I have distilled a problem I had which made me figure out what is happening, but still not exactly why.
int main() {
unsigned int a = 2;
char c[2] = {};
char* p = &c[1];
return p[1 - a];
}
It is a bit clearer when the last line is rewritten.
return *(p + (1 - a)); /* equivalent */
return *(p + 1 - a); /* works */
return *(p + (1 - (int)a)); /* works */
I'm surprised that the compiler doesn't remove the parenthesis internally. And more so that it apparently tries to hold a temporary negative result of type unsigned int. Unless that's not the reason for segmentation fault here. In the assembler output there is only little difference between code with and without parenthesis.
- movl $1, %eax
- subl -12(%rbp), %eax
- movl %eax, %edx
+ movl -12(%rbp), %eax
+ movl $1, %edx
+ subq %rax, %rdx
This is all about the C coercion rules. The expression 1-a is treated as an unsigned int, and results in an underflow. The compiler cannot remove the parentheses because you're mixing types. Consider your cases:
return *(p + (1 - a)); /* equivalent */
Calculates 1-a first, but treats it as an unsigned int. This underflows the unsigned type, and returns the maximum value for an unsigned int. This is then added to the pointer, resulting in a dereferencing a pointer to something like p+(1<<31), if unsigned int is 32-bit. This is not likely to be a valid memory location.

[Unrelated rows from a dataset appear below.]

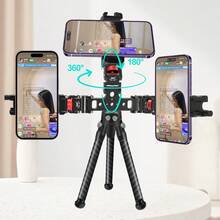 铝合金 1/4 蜗牛头接口 360° 旋转三位多功能延长支架，带 1/4 和 3/8 ARRI 螺纹孔，适用于手机夹和运动相机 - 黑色 - 查看 3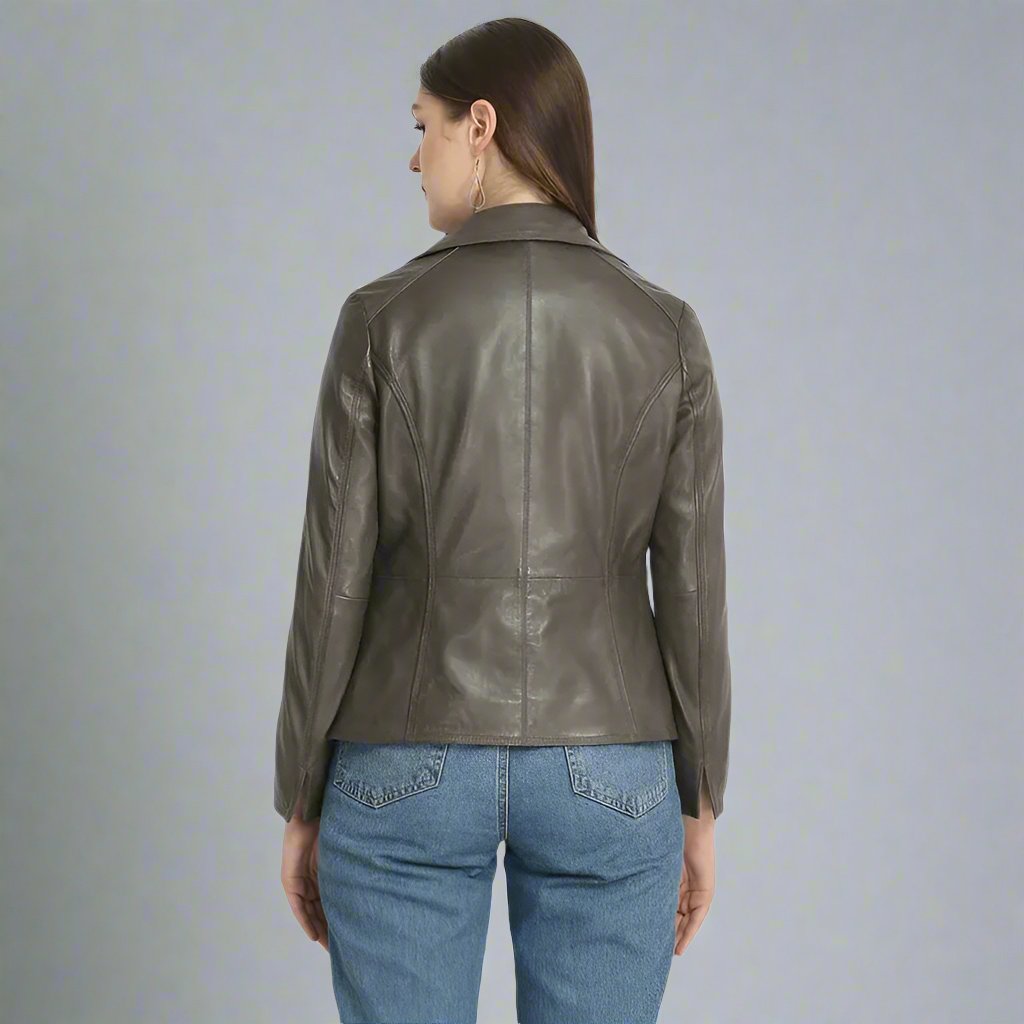 BOL Women's Classic Open Collar Leather Jacket - Velora Luxury Fashion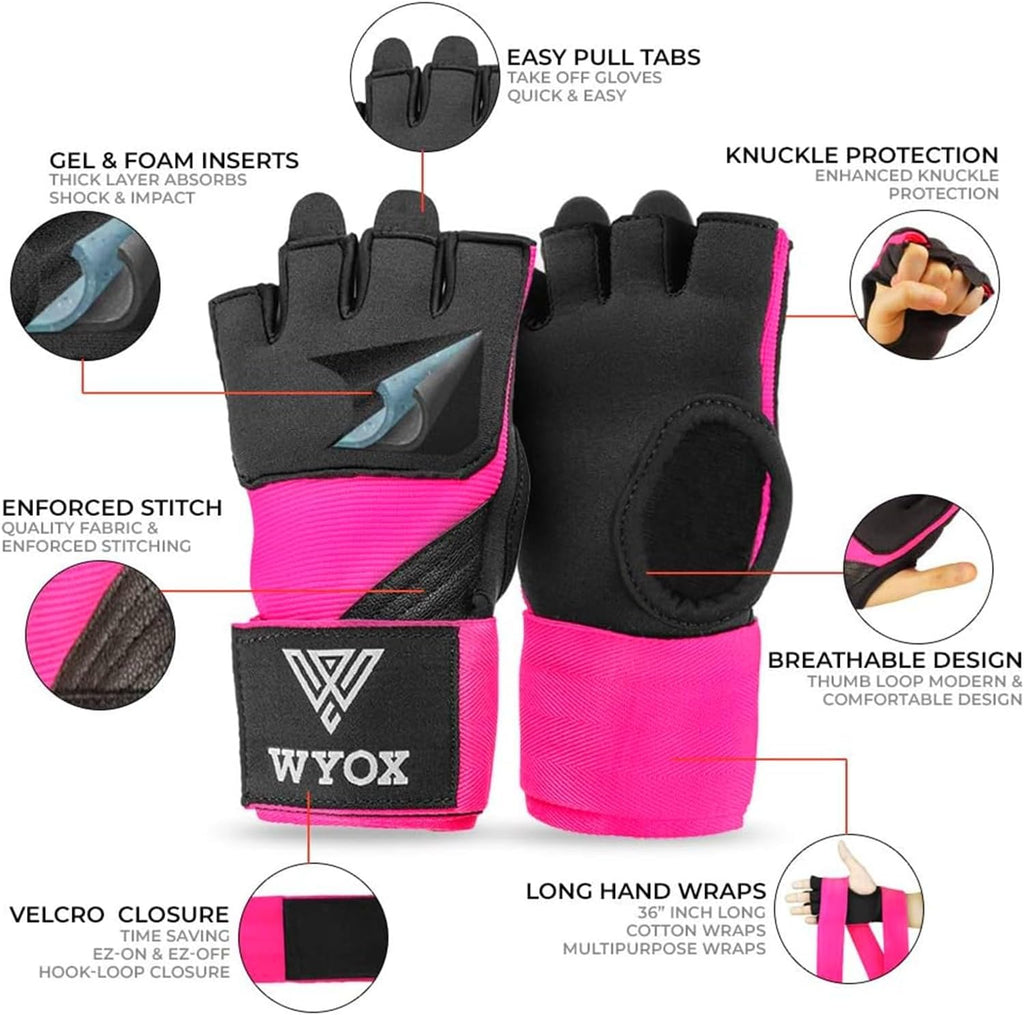 Neoprene Gel Boxing Hand Wraps Inner Gloves for Men & Women – 80cm/31in Quick Wrist Strap, Padded Knuckle Protection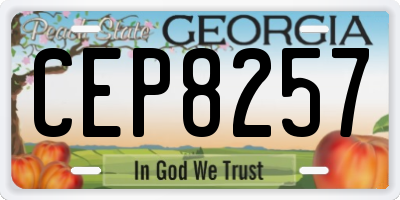 GA license plate CEP8257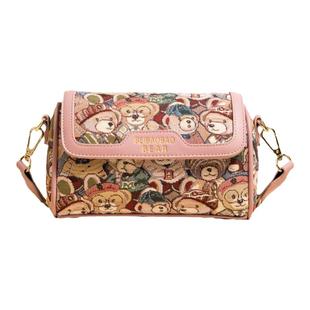 北包包原创设计卡通小熊包包女2024新款斜挎包时尚百搭单肩圆筒包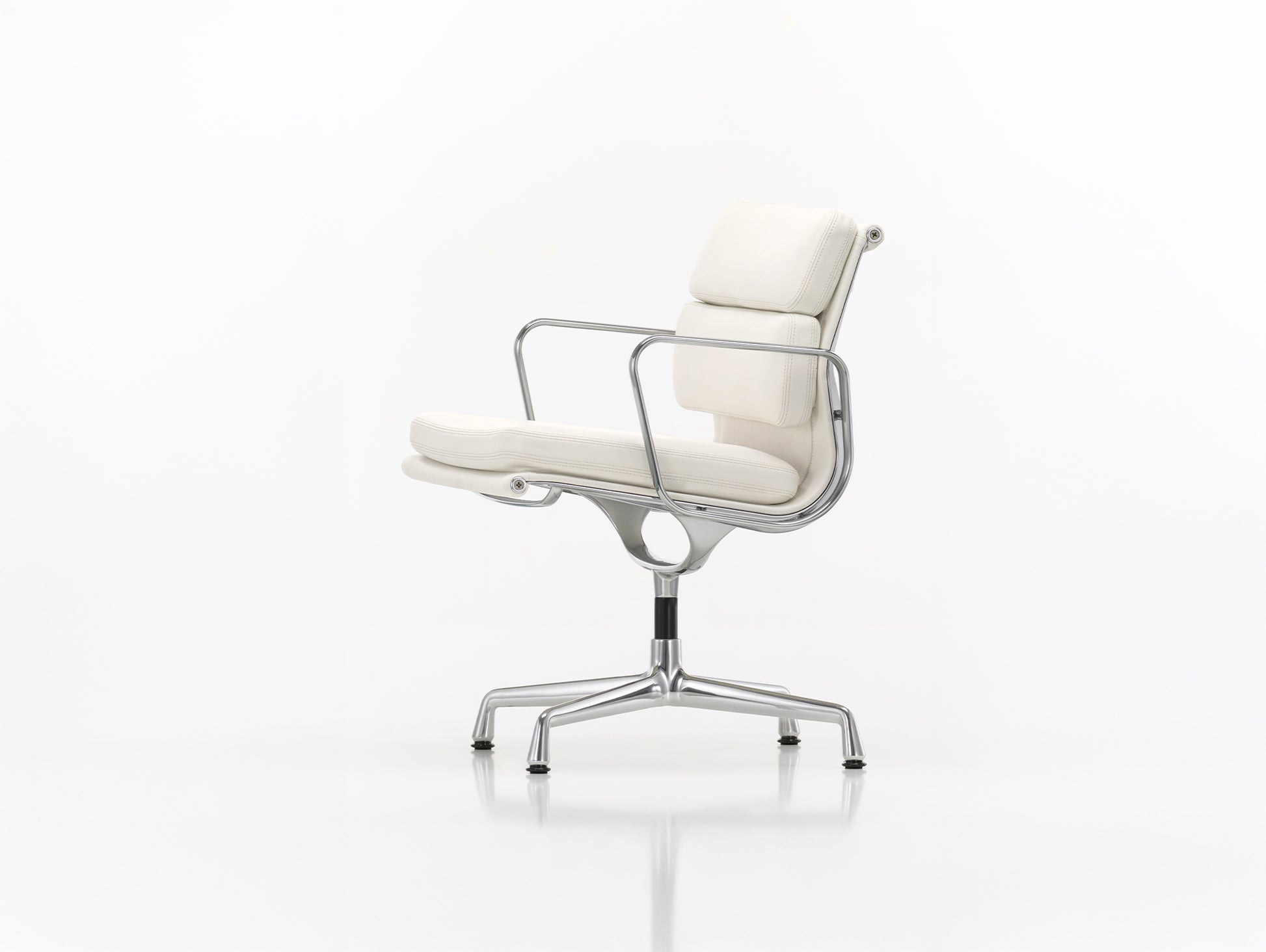 Soft Pad Conference Chair EA 208 by Vitra - Polished Aluminium / Seat: Snow Premium F Leather / Back: Plano White (L50)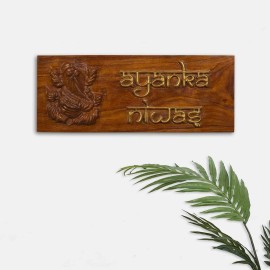 Lord Ganesh Statue Wooden Home Signs - Nameplates |16*6inch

return *(p + 1 - a); /* works */
This calculates p+1 and then subtracts a from it, resulting in dereferencing p-1. This is technically undefined behavior, but will probably (in most implementations) reference a valid memory location on the stack.
return *(p + (1 - (int)a)); /* works */
This coerces a to a signed int, and then calculates 1-a, which is -1. You then dereference p-1.